*** Opening The data ***
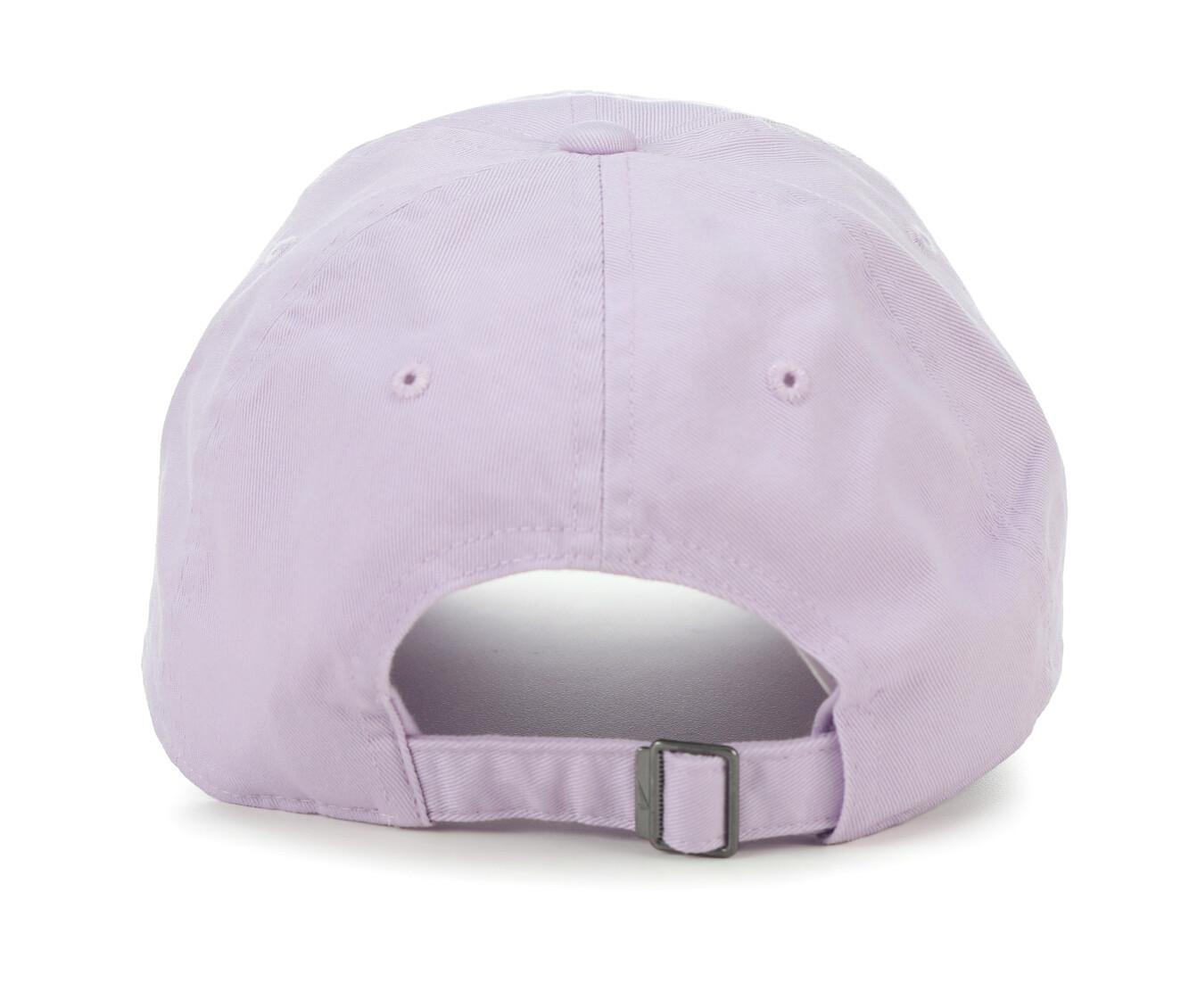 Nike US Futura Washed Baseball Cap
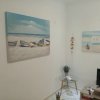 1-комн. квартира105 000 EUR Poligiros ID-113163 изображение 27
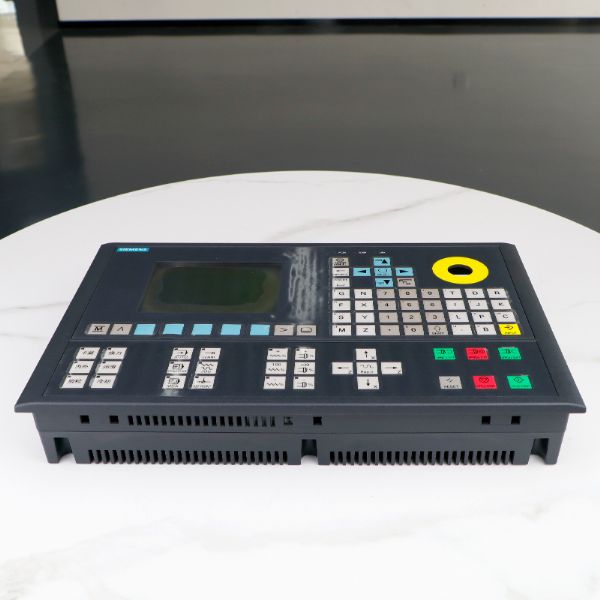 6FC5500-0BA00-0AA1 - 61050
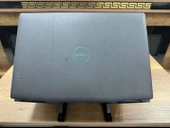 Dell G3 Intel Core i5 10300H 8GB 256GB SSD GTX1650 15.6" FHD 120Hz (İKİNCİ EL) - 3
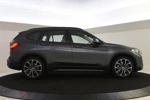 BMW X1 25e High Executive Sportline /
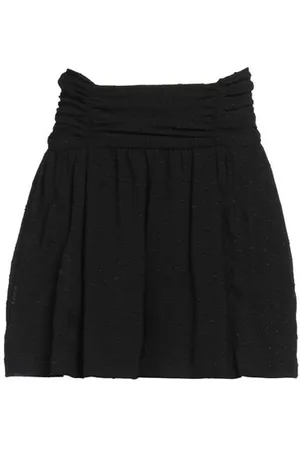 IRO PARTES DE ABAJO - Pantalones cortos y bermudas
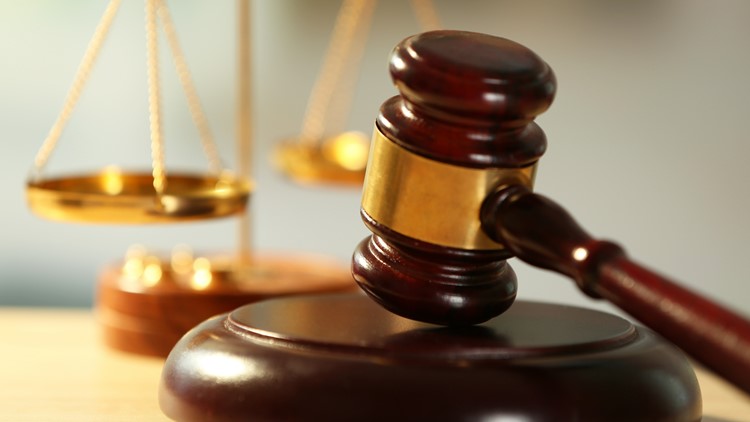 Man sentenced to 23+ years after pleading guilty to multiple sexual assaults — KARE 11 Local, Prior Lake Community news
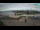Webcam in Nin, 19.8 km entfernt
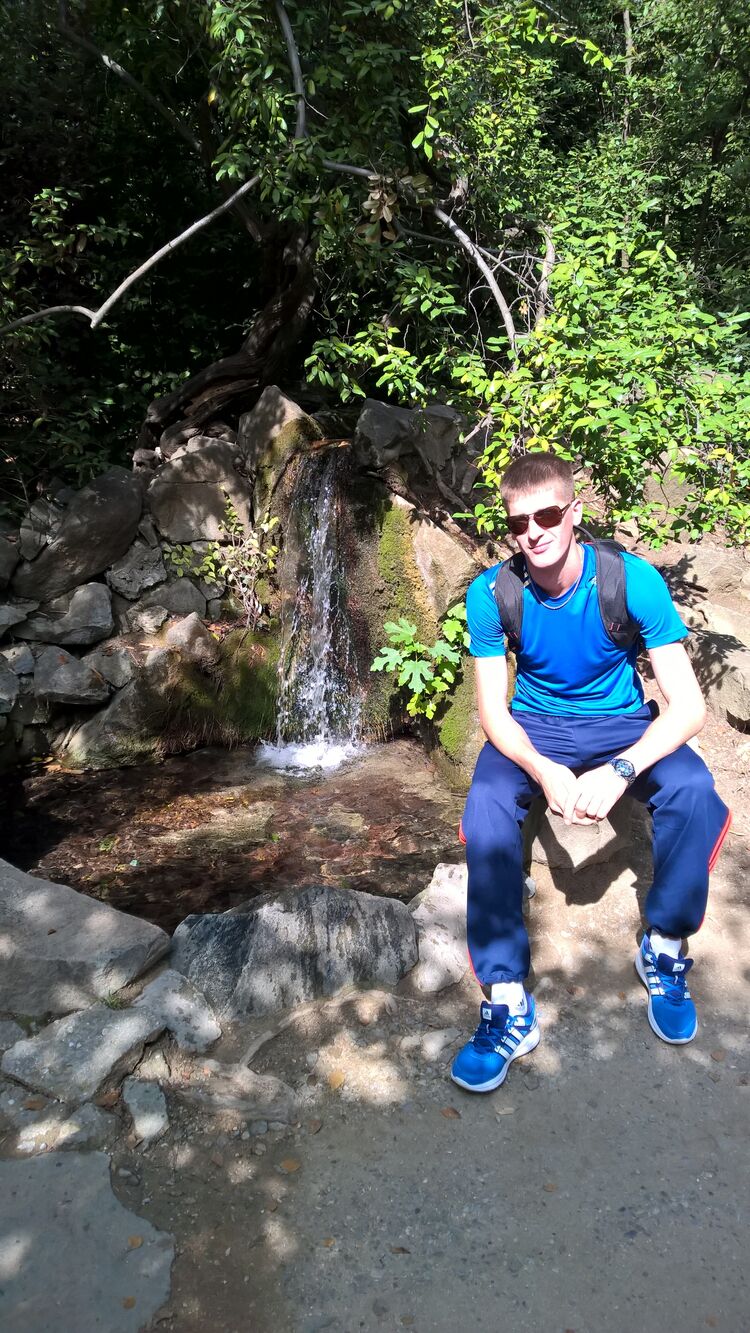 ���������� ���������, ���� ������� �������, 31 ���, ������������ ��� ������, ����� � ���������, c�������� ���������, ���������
*** Closing The data ***
*** Opening The data ***
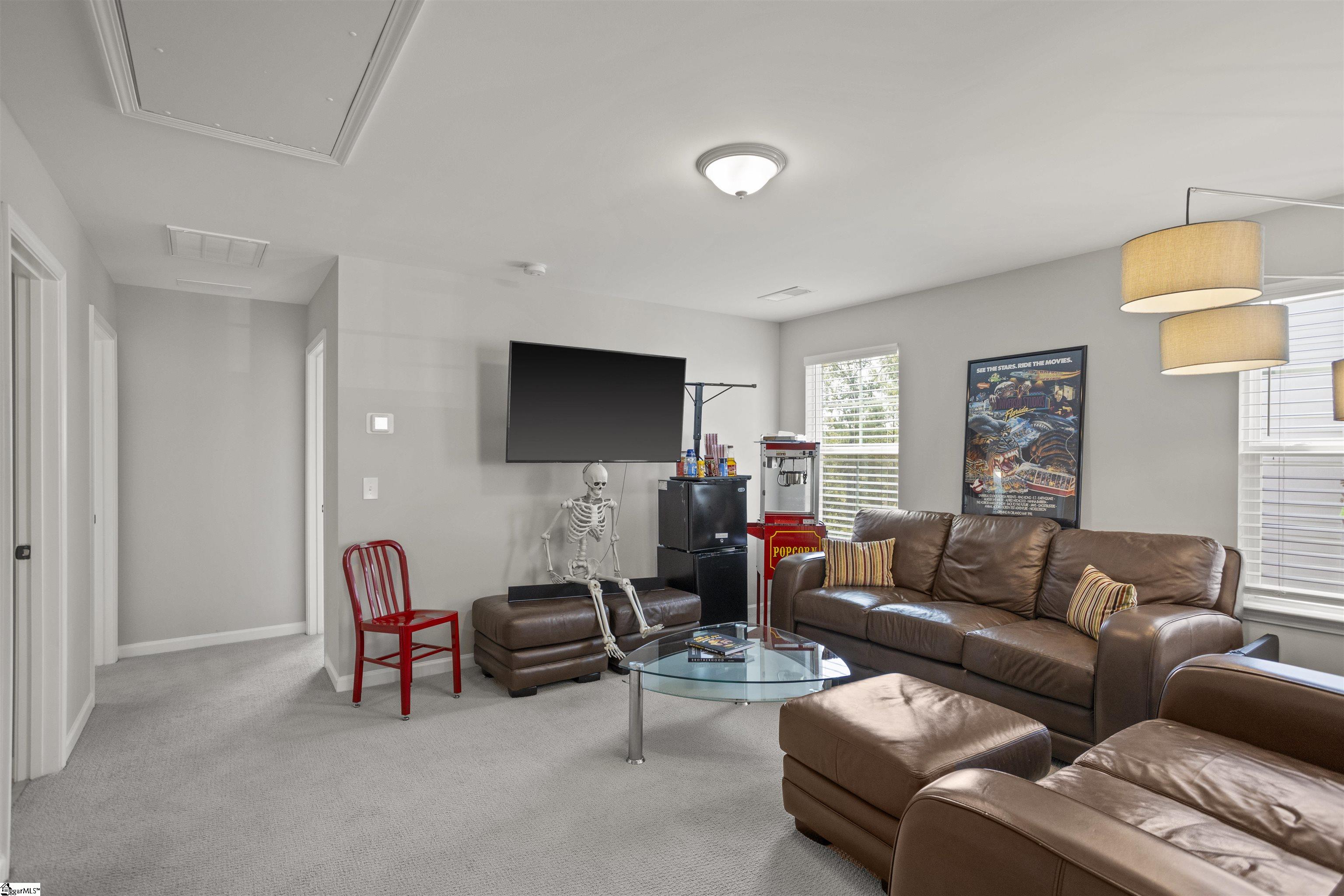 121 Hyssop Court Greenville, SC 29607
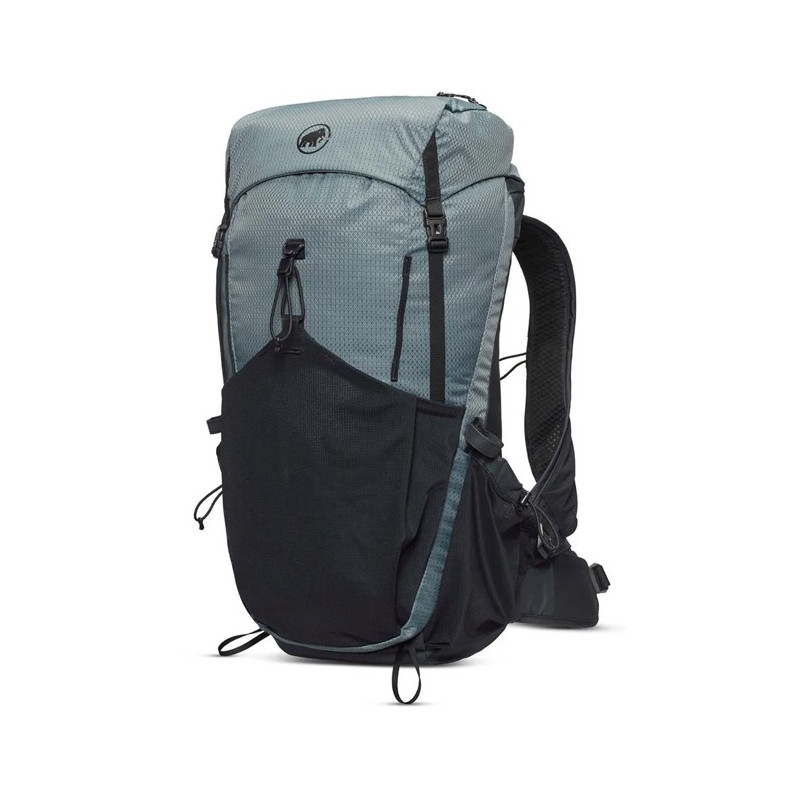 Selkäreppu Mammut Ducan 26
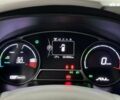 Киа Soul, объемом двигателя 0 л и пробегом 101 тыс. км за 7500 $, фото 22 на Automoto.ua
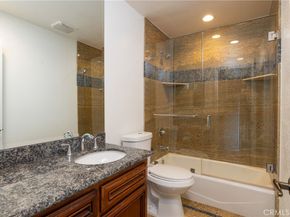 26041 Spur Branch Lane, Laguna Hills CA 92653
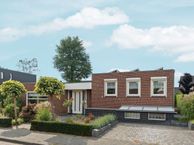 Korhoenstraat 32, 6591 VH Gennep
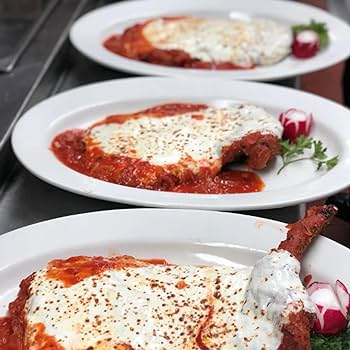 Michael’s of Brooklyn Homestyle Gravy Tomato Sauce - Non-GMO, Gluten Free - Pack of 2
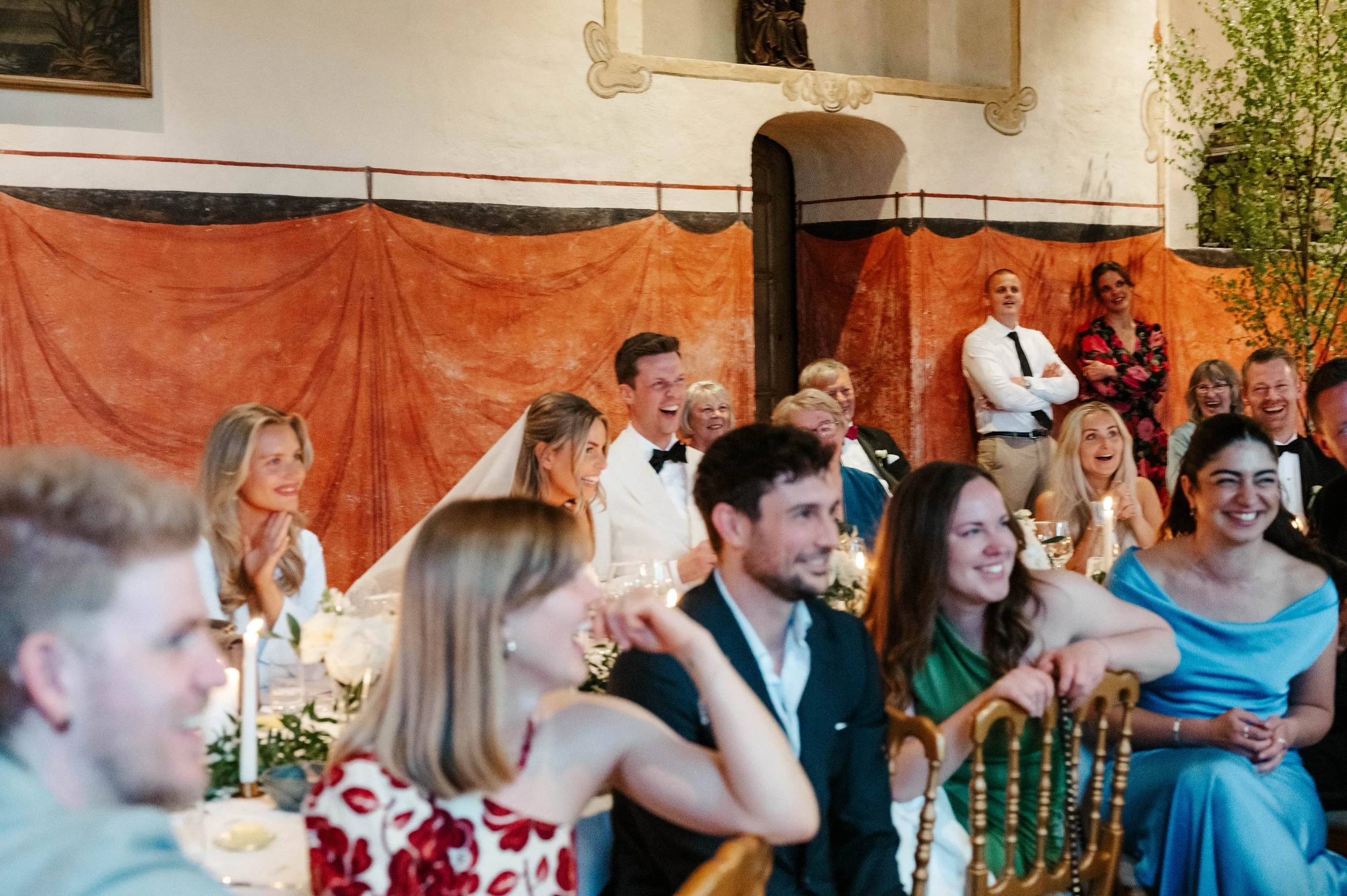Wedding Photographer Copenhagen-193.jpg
*** Closing The data ***
What you will do:
Starting at the line containing "121 Hyssop Court Greenville, SC 29607" and finishing at the line containing "Wedding Photographer Copenhagen-193.jpg", return those lines exactly as they appear above, without the pictures.

Answer space:
 121 Hyssop Court Greenville, SC 29607
 Selkäreppu Mammut Ducan 26
 Киа Soul, объемом двигателя 0 л и пробегом 101 тыс. км за 7500 $, фото 22 на Automoto.ua
 26041 Spur Branch Lane, Laguna Hills CA 92653
 Korhoenstraat 32, 6591 VH Gennep
 Michael’s of Brooklyn Homestyle Gravy Tomato Sauce - Non-GMO, Gluten Free - Pack of 2
Wedding Photographer Copenhagen-193.jpg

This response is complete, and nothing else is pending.